Older donors with coronary heart disease are increasingly used. "Of course, it`s best when the donors have normal coronary vessels in the heart muscle. But even if they are abnormal, but the heart contracts properly, we perform bypass during surgery. If there is a valve defect, we can replace or fix it. We have to do it sometimes due to the lack of donors. We have seriously ill patients who need a new heart or they will die" - emphasises Prof. Kuśmierczyk.

A new method allowing to increase the scope and effectiveness of transplants is the transport of a still "beating heart". It is used in some countries of Western Europe, and it may become available in Poland in 2019.

"If the heart contracts properly during collection, that does not mean that after stopping, transporting and then transplantation it will continue to behave the same way, because for some time it has been deprived of metabolites, substrates necessary for normal functioning. Therefore, we are making efforts to obtain a device for transporting heart muscle, called TransMedics"- Prof. Kuśmierczyk says.

"This device" - the expert explains - "allows to collect the heart from the donor and it connect to the device so that it can continue to beat, and then provide it with substrates, nutrients to improve metabolism, because donors are often malnourished. This device even allows to check if the heart is suitable for a transplant. It also increases the available transport time of the harvested organ from four to twelve hours. In over 90 percent cases we can be sure that the heart is good".

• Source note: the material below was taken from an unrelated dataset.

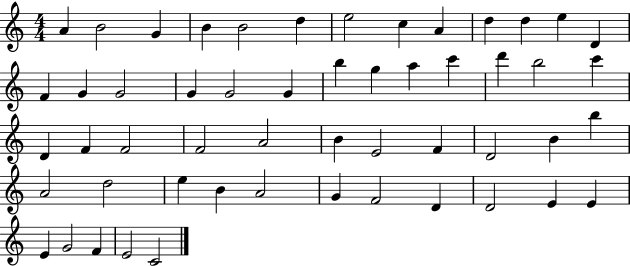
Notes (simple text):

The specialist hopes that such equipment will be available in Poland later this year. But it is very expensive, as are the fluids it uses. The cost of this fluid is PLN 200,000, while the National Health Fund only reimburses PLN 137 thousand for heart transplantation. This amount would not even cover the costs of the organ transport. "But the Ministry of Health promises that such a machine will be purchased for Poland and we hope that one of the transplantation foundations will buy fluids for the transport of some hearts for transplantation in Poland" - he emphasizes.

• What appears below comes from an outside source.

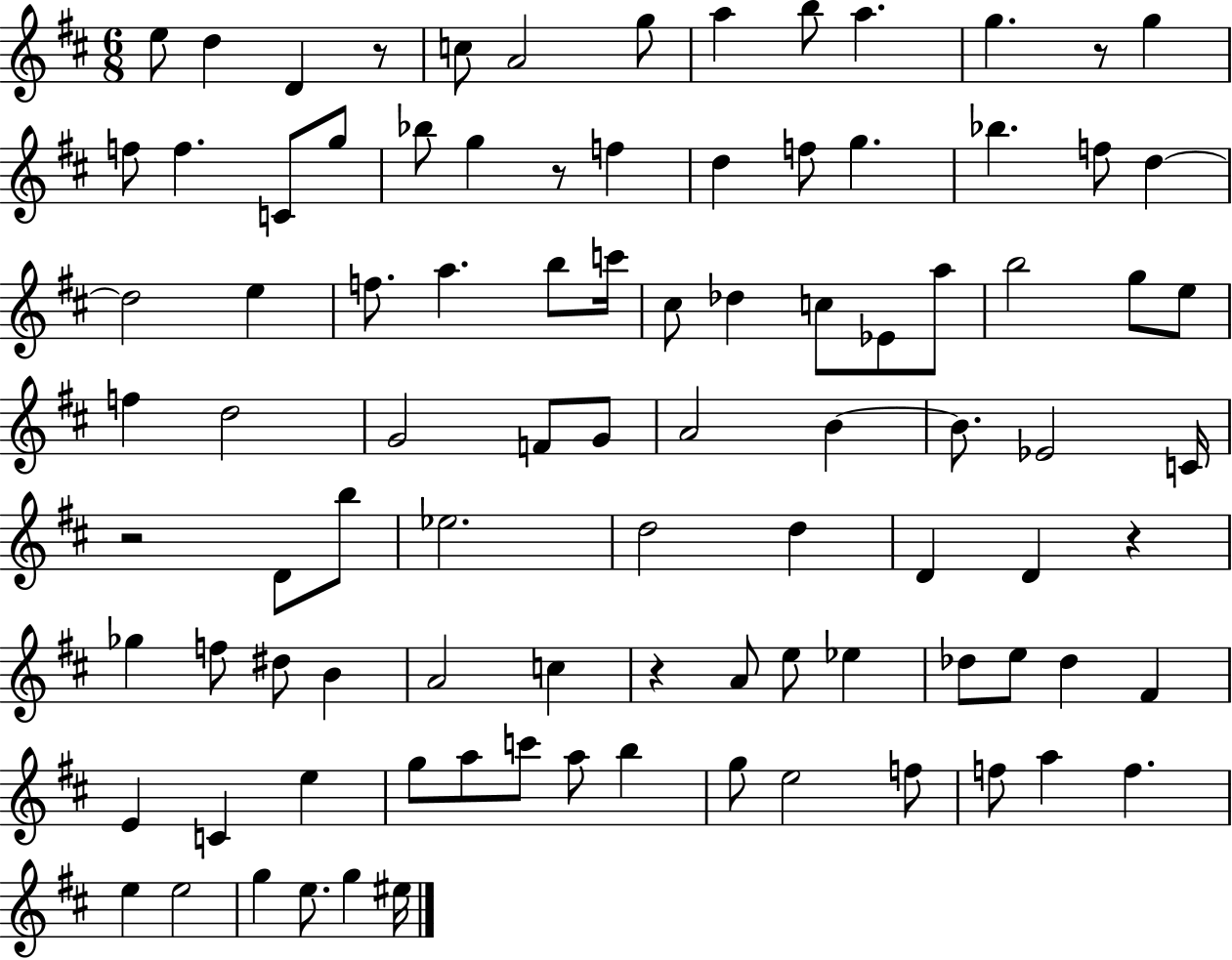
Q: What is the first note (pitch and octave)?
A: E5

According to the expert, a patient who is waiting for a heart transplant also requires expensive hospital treatment, has an implanted pump to support blood circulation, receives expensive antibiotics and other medications. The cost of treatment for such a patient is also high. "In some cases, it makes sense to use such a device to transport a beating heart" - argues the President of the Polish Society of Cardiothoracic Surgeons.